▸ **Exercise brief**
In the records below, count the lines that have "Explorer" and answer with the number alone.

(Short descriptive text snippets)

****************************************

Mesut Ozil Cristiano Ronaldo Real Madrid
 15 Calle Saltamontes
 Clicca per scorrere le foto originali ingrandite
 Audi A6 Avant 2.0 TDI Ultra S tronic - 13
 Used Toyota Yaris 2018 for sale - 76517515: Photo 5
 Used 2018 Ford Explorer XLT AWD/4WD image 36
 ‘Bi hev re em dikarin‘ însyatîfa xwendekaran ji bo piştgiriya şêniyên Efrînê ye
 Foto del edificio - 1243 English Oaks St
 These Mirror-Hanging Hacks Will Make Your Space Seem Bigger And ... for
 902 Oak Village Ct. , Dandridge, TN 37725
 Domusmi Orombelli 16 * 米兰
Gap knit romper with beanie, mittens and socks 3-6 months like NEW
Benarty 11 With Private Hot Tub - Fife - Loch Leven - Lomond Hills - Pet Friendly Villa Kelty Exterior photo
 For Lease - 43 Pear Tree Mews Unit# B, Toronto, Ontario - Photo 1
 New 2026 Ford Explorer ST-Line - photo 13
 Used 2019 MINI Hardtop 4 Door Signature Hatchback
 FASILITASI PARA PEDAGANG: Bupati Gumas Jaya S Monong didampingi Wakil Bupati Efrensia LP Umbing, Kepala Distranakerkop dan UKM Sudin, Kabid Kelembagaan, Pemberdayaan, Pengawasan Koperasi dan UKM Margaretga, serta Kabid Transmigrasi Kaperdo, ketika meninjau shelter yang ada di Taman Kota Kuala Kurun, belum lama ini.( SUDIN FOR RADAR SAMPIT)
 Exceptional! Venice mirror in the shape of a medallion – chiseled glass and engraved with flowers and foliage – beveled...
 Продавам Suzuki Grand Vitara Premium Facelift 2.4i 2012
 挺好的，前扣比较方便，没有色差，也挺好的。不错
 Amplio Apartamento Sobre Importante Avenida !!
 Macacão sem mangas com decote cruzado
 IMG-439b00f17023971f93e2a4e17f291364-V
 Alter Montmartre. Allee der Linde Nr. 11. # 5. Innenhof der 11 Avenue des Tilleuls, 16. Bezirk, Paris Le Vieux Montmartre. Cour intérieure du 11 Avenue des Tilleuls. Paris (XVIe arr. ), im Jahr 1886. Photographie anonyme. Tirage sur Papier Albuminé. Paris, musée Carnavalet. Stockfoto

****************************************

▸ **Written response**
2